Location
- 1001 FM 2410 Harker Heights, Bell County, Texas 76548-6845 United States 31°03′24″N 97°39′03″W﻿ / ﻿31.05653°N 97.65094°W

Information
- School type: Public high school
- Locale: Suburb: Midsize
- School district: Killeen ISD
- NCES School ID: 482566008695
- Principal: Jorge Soldevila
- Faculty: 133.38 (on an FTE basis)
- Grades: 9–12
- Enrollment: 2,359 (2022–2023)
- Student to teacher ratio: 17.69
- Colors: Red, black, and white
- Athletics conference: UIL Class 6A
- Mascot: Knights
- Website: www.killeenisd.org/hhhs

= Harker Heights High School =

Harker Heights High School is a public high school located in Harker Heights, Texas and classified as a 6A school by the University Interscholastic League.

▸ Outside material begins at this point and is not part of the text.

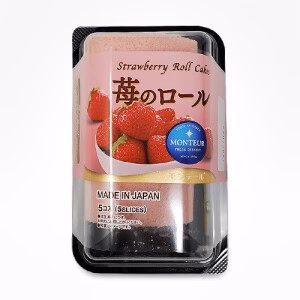 Monteur Strawberry Roll Cake 5PCS 168g
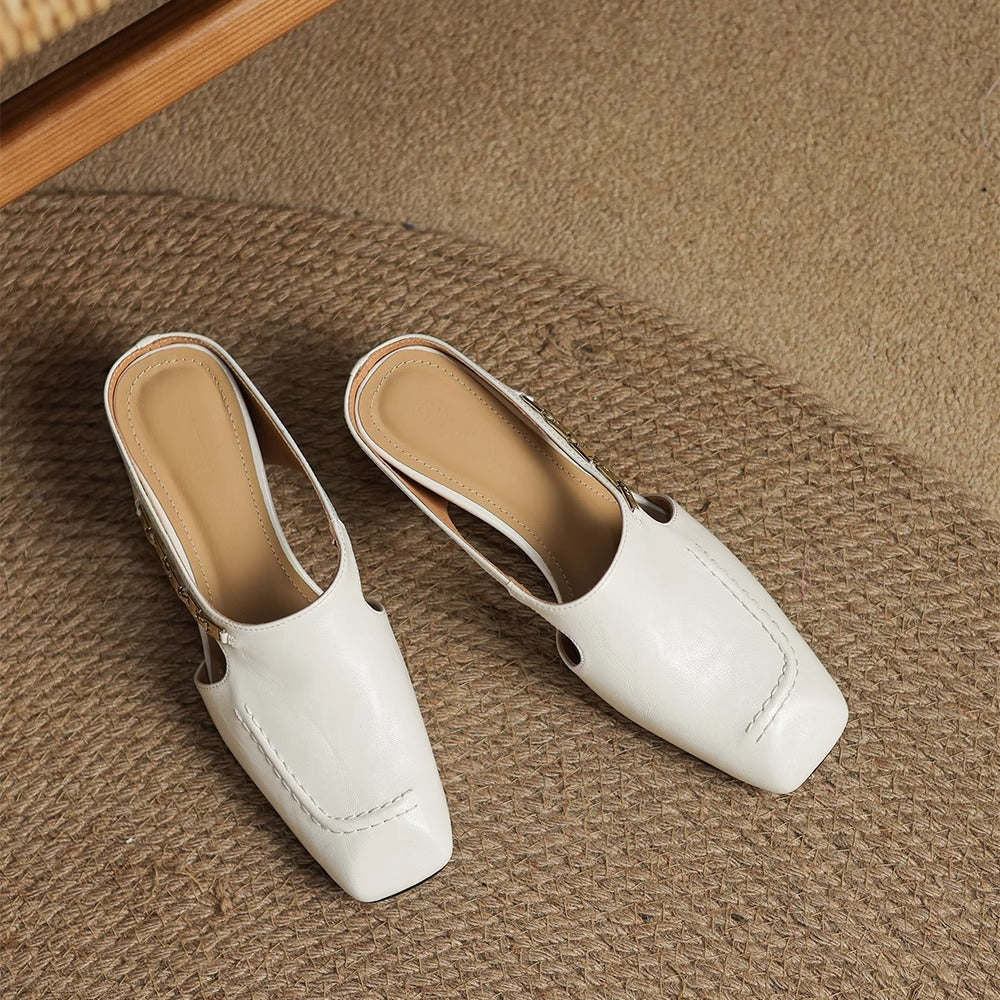 Avella | Leather Mules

It is one of six high schools in Killeen Independent School District located in western Bell County. During 2022–2023, Harker Heights High School had an enrollment of 2,359 students and a student to teacher ratio of 17.69. The school received an overall rating of "B" from the Texas Education Agency for the 2024–2025 school year.

==Athletics==
The Harker Heights Knights compete in the following sports:

- Baseball
- Basketball
- Cross Country
- Football
- Golf
- Powerlifting
- Soccer
- Softball
- Swimming
- Tennis
- Track and Field
- Volleyball
- Wrestling

==Notable alumni==
- Dominique Zeigler - Former Baylor University and San Francisco 49ers Wide Receiver.
- Kyle Thompson -Former University of Texas at Austin seven time All-Big 12 Track and Field Athlete.
- Dalenta Stephens - Professional basketball player who played for the Milwaukee Bucks and the Memphis Grizzlies.